Every day when a Player does a significant amount of activity "in-character", have them make a Will save. X number of failures (your call) means the player has lost his original identity. For each failure, jot down one or two facts that the player "forgets," ie either he doesn't know or it's replaced by some factoid the "in-game" persona knows (examples, where you were born, your mother's name, etc). When your player actively brings this up, slip him a note that sets him "straight." Now, if you have good roleplayers, the rest of the table will start to squirm if they notice the change.

Anyway, back to mechanics. Every day they act "in character" and make the Will Save, they're not out of the woods yet. Up the DC by 1 for each day they succeed. Now whether or not you "reset" the DC to an easier level is up to you, but it should become apparent that's its a losing struggle, which raises the stakes and gets them moving towards a solution rather than just reacting.
30th-Apr-2007 09:10 pm (UTC)
you might work it like Pact Magic, every morning when they wake up make a check of some type, and if they fail, then they take cumulative penalties for acting out of character.
1st-May-2007 01:13 am (UTC)
1: "Ahhh! That ill-concieved pseudo-narnian notion raises its head again! AHHHHH!"

2: (Now that that's out of the way) Make it a will save, or sanity check, or "ego check", depending on how far you want to go from official rules.

IMC (which has stalled for awhile; curse you real life!) I use sanity checks for some things, morale checks for others, and a flat DC-with-veto-point system for still others.

Sanity's simple if you want to avoid the whole "insanity" thing. Make it a % roll equal to the character's wisdom divided by 20, with each failure causing them to lose part of their "self" and go to their "character." Don't worry about rules, just go along with it, call them as you see a cause, and spread them out among everybody.
1st-May-2007 01:15 pm (UTC)
The sanity check seems to be the simplist so far. I dont have much expirience with EGO items and such but I like the idea of Ego Checks. But sanity is a simple d%.

Hmmm this will require alot of thought :D
1st-May-2007 05:57 am (UTC)
Honestly, this is a cool idea, and getting too caught up in the mechanic might take away from the neat-o aspect of it. I think mike's got a good idea for it with the memory thing, although that might be REALLY hard to implement. After all, what memories do you lose and why at what stage means drawing up a table of memories and experience weighted by psychological importance. The whole other character as magic item thing is easy, but iffy, as eventually you end up with characters basically being run by you--the worst thing ever for a player. EVER.
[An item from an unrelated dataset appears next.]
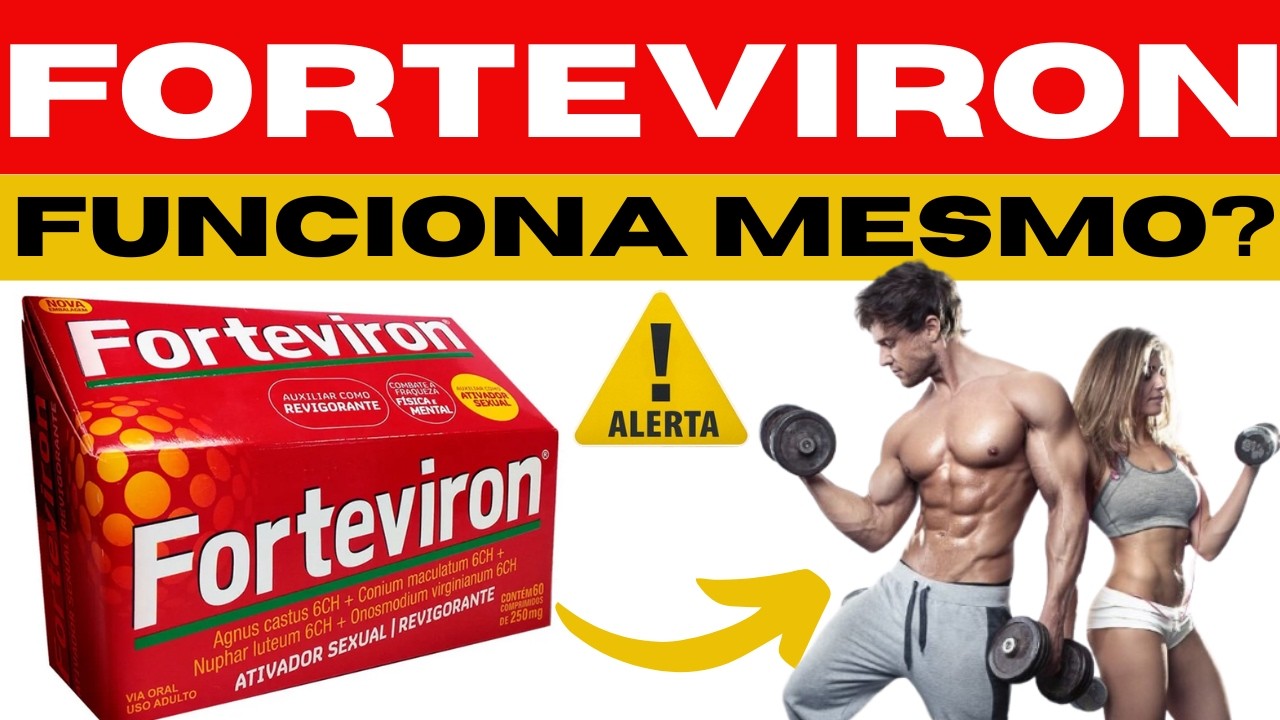 FORTEVIRON - PARA QUE SERVE, COMO TOMAR, COMO FUNCIONA, EFEITOS ...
It would seem to me that the Sanity mechanic works best here, adapted to where the original personality slowly takes damage and slips more and more into the character, with damage values assigned to compulsive or in character acts. Give a will save as with the persona-as-item when something comes up that might force the character to the surface, with damage appropriate to how much of the character's personality is asserting itself. Then, the total intact Sanity (or Selfhood, Personal Memory, what have you) represents how much the player remains, like a percentage of the time he/she can act like their player persona and not the character, or even a weird mixture of player persona with character persona (like, imagine a person halfway between player Bob and Hrothmar Hammerfist the dwarf).

This would be fun, too, as you get to make a list of stereotypes the characters live up to or try to get away from. I feel sorry for any paladins in the group.
1st-May-2007 01:27 pm (UTC)
Thats the idea. They are everyday people stuck in stereotypical bodies and must have to fight. Conflict existing not only in the plot but within themselves.


Its gonna be sweet. But the last thing I want to happen is for them to loose themselves completely. A few bad rolls and they are generic BORING characters. I'm thinking of not having them "loose themselves" as much as the stereotype kicks in and ...nudges them to certain acts which is why i liked the Ego idea.